Personal information
- Full name: Ken Fraser
- Born: 17 February 1940 (age 86)
- Height: 187 cm (6 ft 2 in)
- Weight: 80 kg (176 lb)

Playing career
- Years: Club / Games (Goals)
- 1958–1968: Essendon / 198 (157)

Representative team honours
- Years: Team / Games (Goals)
- Victoria / 9 (20)

Career highlights
- Essendon premiership player 1962; Essendon premiership captain 1965; Essendon Team of the Century; W. S. Crichton Medal 1963, 1964; Essendon captain 1965–1968; Australian Football Hall of Fame, inducted 2001;

= Ken Fraser =

Australian rules footballer (born 1940)

Ken Fraser (born 17 February 1940) is a former Australian rules footballer who played in the Victorian Football League (VFL).

Originally recruited from the Essendon Baptists St John's club (which later merged with Ascot Vale Presbyterians to become the Tullamarine Football Club) in the Essendon District Football League, Fraser mainly played at centre half-forward.
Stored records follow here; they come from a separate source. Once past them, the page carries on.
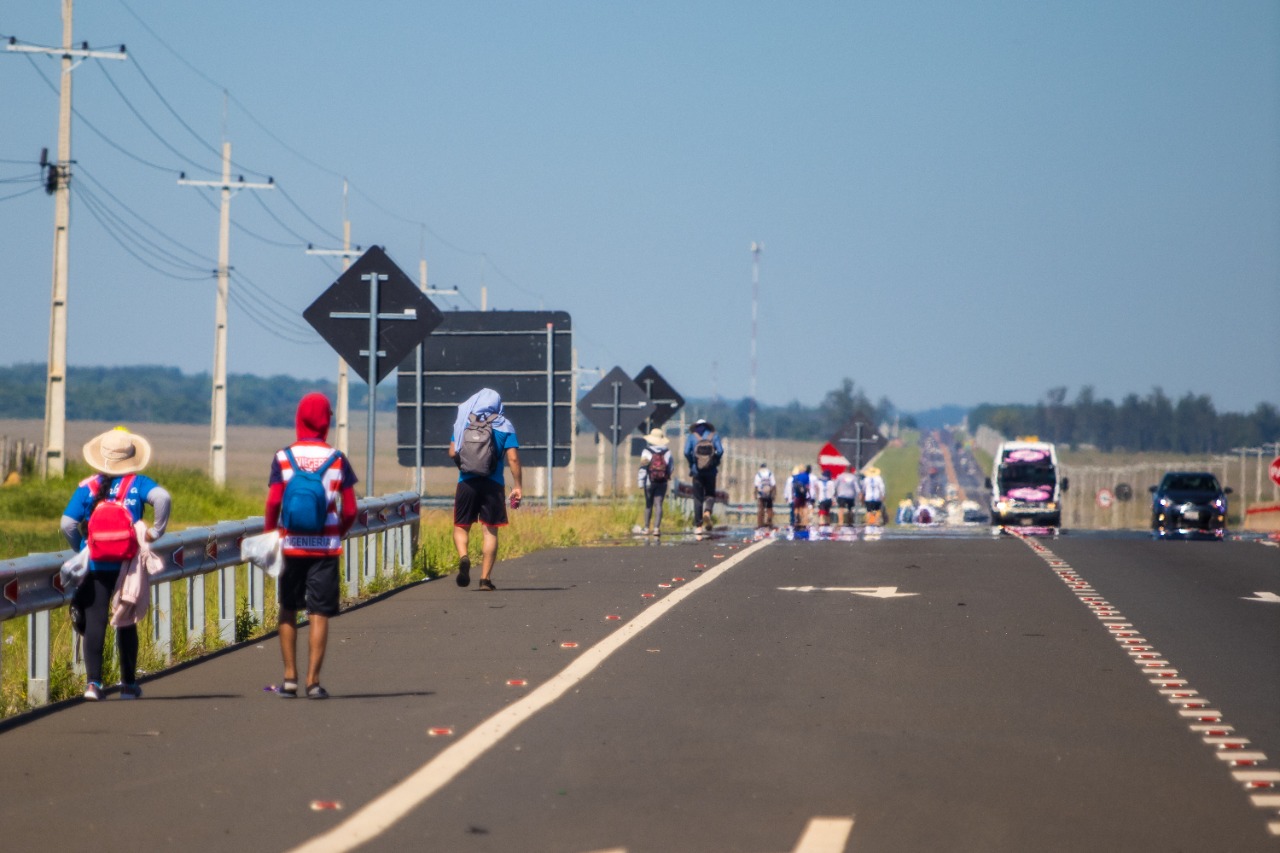 Hoy Paraguay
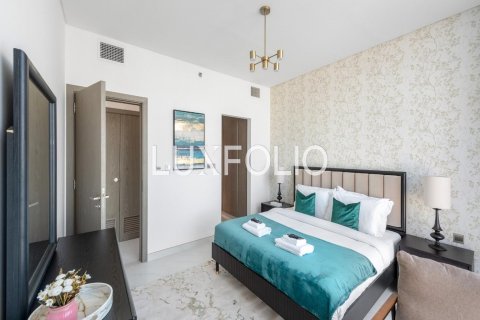 Apartman u gradu Mohammed Bin Rashid City, Dubai, UAE 1 spavaća soba, 71 m2 Br. 627991 - Slika 7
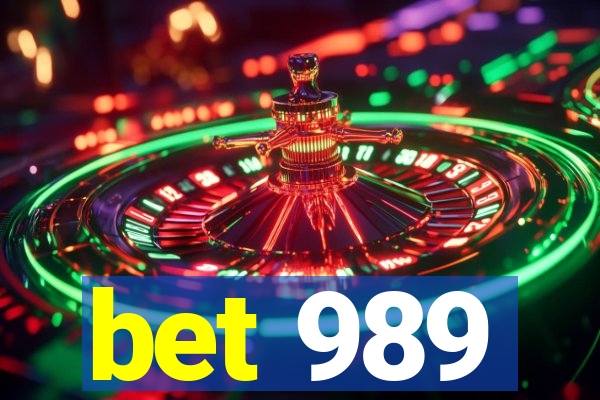 bet 989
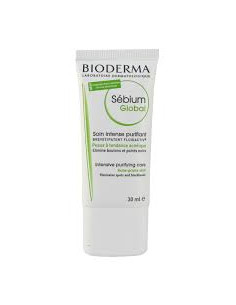 BIODERMA Sébium Global Soin Purifiant 30ml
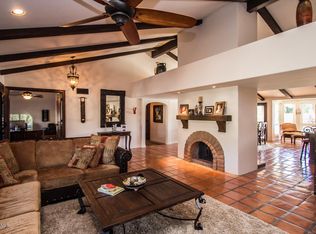 7549 E Larkspur Dr, Scottsdale, AZ 85260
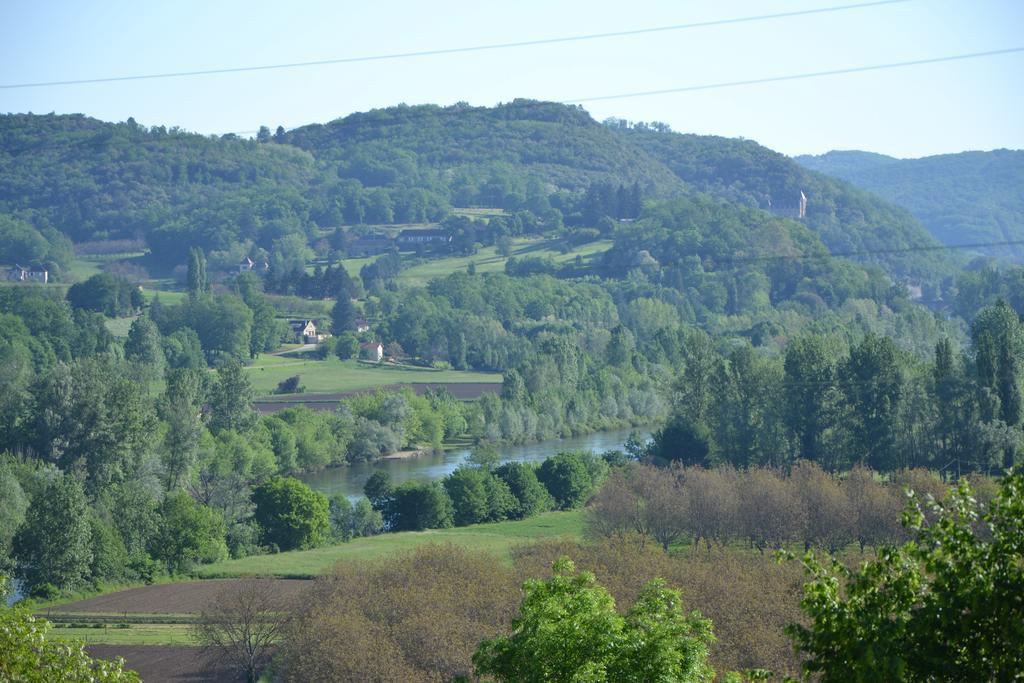Le Bonheur dans notre Pré Sainte-Mondane Quarto foto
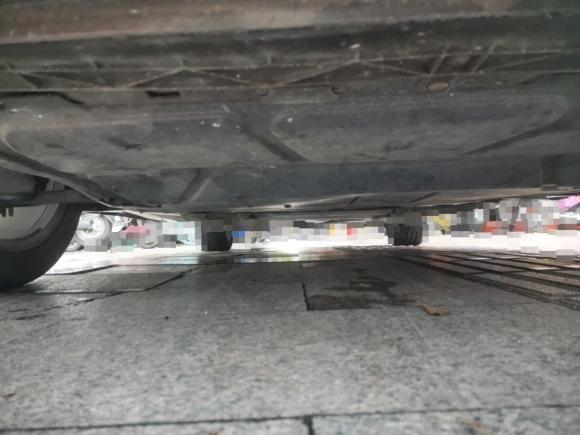 [上海·浙F] 二手大众凌渡2015款 280TSI DSG豪华版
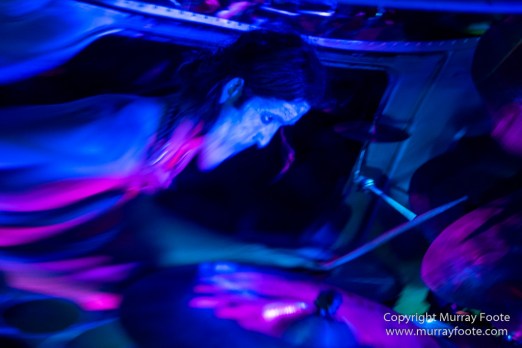 Frenchmen Street, Interstellar Transmissions, Live Music, New Orleans, Photography, Travel, USA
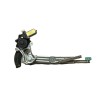 Recambio de elevalunas delantero derecho para nissan note (e12) 1.5 dci referencia OEM IAM 807201HB0A 827301HB1A 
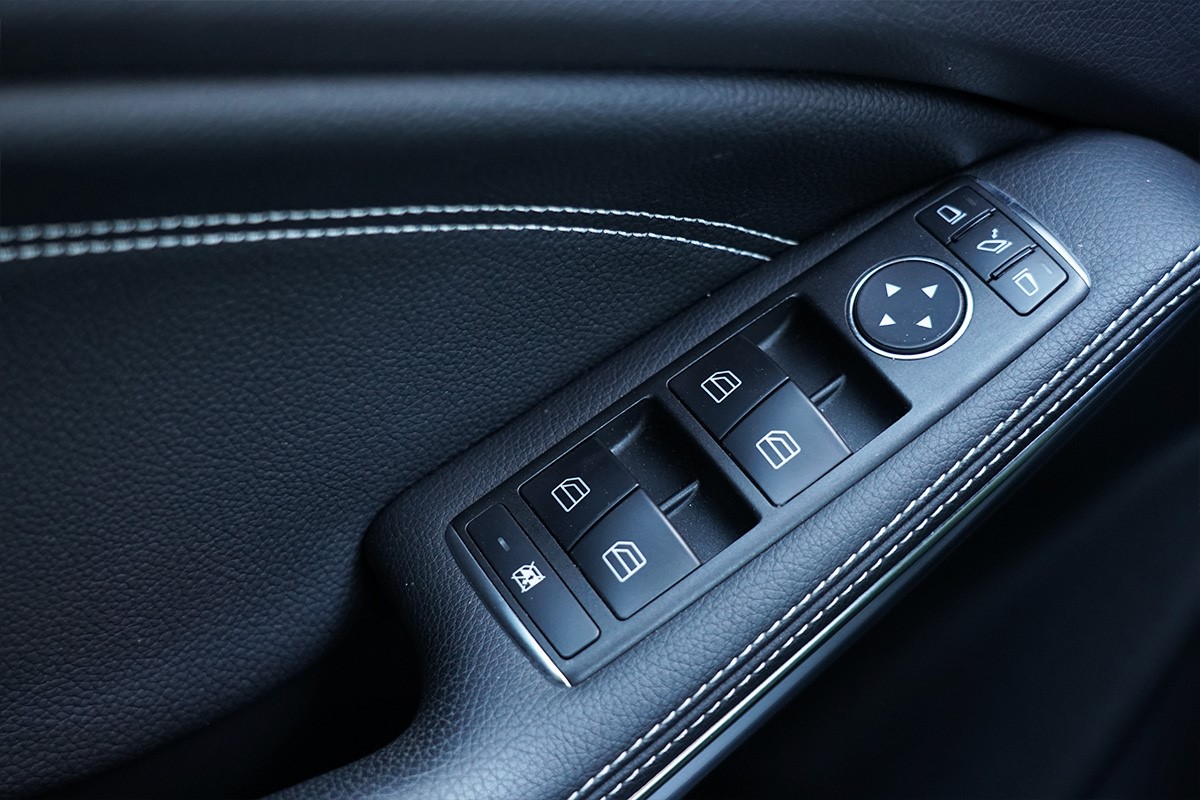 Mercedes-Benz A-Class 160 CDI
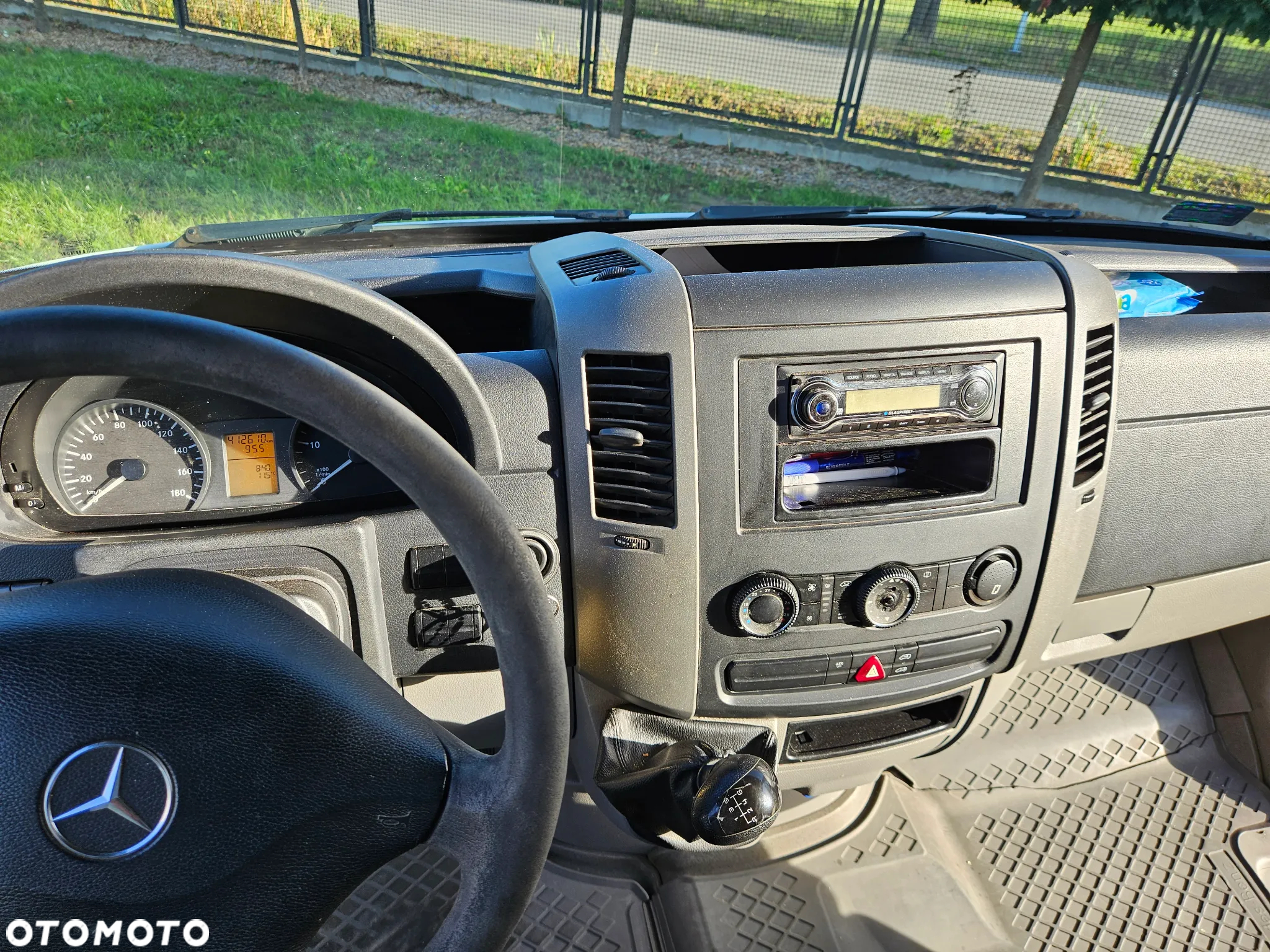 Mercedes-Benz Sprinter 315 - 7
He won the Essendon Football Club's Best First-Year Player award in 1958 and went on to play in two premiership teams, with his second premiership as captain. He also won two club best-and-fairest awards and represented Victoria on many occasions. In 2001, Fraser was inducted into the Australian Football Hall of Fame. In 2002, he was ranked 7th in the Champions of Essendon list.

In addition to his football career, Fraser also served as Principal of Templestowe Secondary College in Lower Templestowe, Victoria, Australia, for many years. His son, Mark, also played for Essendon.